By Mike Colpitts
Home sales soared by lucky numbers in August, rising 7.7% to a seasonally adjusted annual rate of 5.03 million units, despite a tough economy, according to the National Association of Realtors. The jump in existing sales is a positive sign for the economy, which has been battling to recover from its downturn.
The rate of exisiting home sales is also higher than last year, which soared 18.6% on an annualized basis from 4.24 million units in August 2010.
Investors accounted for nearly one-in-four purchases during the month (22%) as lower home prices and record all-time low mortgage rates drove an increase from 18% in July. The run-up in investor buying, however, was off-set by another increase in purchases by first time buyers, who made 32% of home purchases during the month.

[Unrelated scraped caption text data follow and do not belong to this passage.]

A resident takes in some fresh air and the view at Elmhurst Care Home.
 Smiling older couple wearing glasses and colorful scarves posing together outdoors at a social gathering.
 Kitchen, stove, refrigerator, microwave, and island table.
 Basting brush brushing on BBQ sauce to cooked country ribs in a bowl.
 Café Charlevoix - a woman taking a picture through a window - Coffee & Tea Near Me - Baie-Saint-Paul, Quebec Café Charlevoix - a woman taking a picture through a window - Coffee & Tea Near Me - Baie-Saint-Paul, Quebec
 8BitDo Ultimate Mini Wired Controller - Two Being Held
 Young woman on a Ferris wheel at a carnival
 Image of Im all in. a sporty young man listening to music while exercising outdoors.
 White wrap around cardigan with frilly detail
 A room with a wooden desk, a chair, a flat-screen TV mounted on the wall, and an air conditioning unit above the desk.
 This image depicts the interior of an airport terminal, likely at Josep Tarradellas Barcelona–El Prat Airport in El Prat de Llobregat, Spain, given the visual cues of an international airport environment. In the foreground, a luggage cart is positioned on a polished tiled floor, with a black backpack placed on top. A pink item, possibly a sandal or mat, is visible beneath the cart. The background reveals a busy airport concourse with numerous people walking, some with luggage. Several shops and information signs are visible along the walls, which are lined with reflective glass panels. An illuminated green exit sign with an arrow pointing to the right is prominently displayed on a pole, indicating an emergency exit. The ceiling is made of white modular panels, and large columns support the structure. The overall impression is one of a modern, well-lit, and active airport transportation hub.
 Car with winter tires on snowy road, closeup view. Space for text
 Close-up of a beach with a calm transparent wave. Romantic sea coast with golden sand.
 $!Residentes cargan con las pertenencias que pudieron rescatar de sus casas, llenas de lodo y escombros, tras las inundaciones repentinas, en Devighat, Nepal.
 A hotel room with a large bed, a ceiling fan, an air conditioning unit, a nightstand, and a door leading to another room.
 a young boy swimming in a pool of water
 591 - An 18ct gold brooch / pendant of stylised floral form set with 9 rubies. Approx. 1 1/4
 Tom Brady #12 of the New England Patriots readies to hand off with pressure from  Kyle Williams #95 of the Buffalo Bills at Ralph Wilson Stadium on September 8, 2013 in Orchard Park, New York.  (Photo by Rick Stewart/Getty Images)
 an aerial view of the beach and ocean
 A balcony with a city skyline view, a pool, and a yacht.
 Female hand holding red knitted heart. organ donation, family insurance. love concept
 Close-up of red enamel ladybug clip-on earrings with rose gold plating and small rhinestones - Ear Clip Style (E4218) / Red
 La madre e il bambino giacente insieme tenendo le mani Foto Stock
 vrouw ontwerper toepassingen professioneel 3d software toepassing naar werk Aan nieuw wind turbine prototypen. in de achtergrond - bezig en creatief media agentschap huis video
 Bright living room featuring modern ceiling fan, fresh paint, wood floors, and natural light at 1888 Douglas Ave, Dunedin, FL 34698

Home sales have been heavily dependent on first time buyers and investors in the current marketplace with few move-up buyers able to make purchases. First time buyers made up 31% of purchases for August 2010, a year ago.
All cash transactions accounted for 29% of purchases in August, which was identical to July and close to year ago levels (28%). Investors pulling their cash out of other investments like stocks and other financials make up the highest percentage of all cash purchases.
“Investors were more active in absorbing foreclosed properties,” said Lawrence Yun, NAR chief economist. “In addition to bargain hunting, some investors are in the market to hedge against higher inflation.
“We had some disruptions from Hurricane Irene in the closing weekend of August, when many sales normally are finalized, along the Eastern seaboard and in New England ,” Yun said. “As a result, the Northeast saw the smallest sales gain in August, and some general impact is expected in September with widespread flooding from Tropical Storm Lee. Aberrations in housing data are possible over the next couple months as markets recover from disrupted closings and storm damage.”
Record low mortgage rates in September may send home sales even higher during the month. The conventional 30-year fixed rate loan fell to an average of 4.27% in August, down from 4.55% in July, and then dropped to a low of 4.12% in September. Rates on accompanying 15-year fixed rate loans and adjustable rate mortgages remain near record all-time lows as lenders try to attract more mortgage buying activity.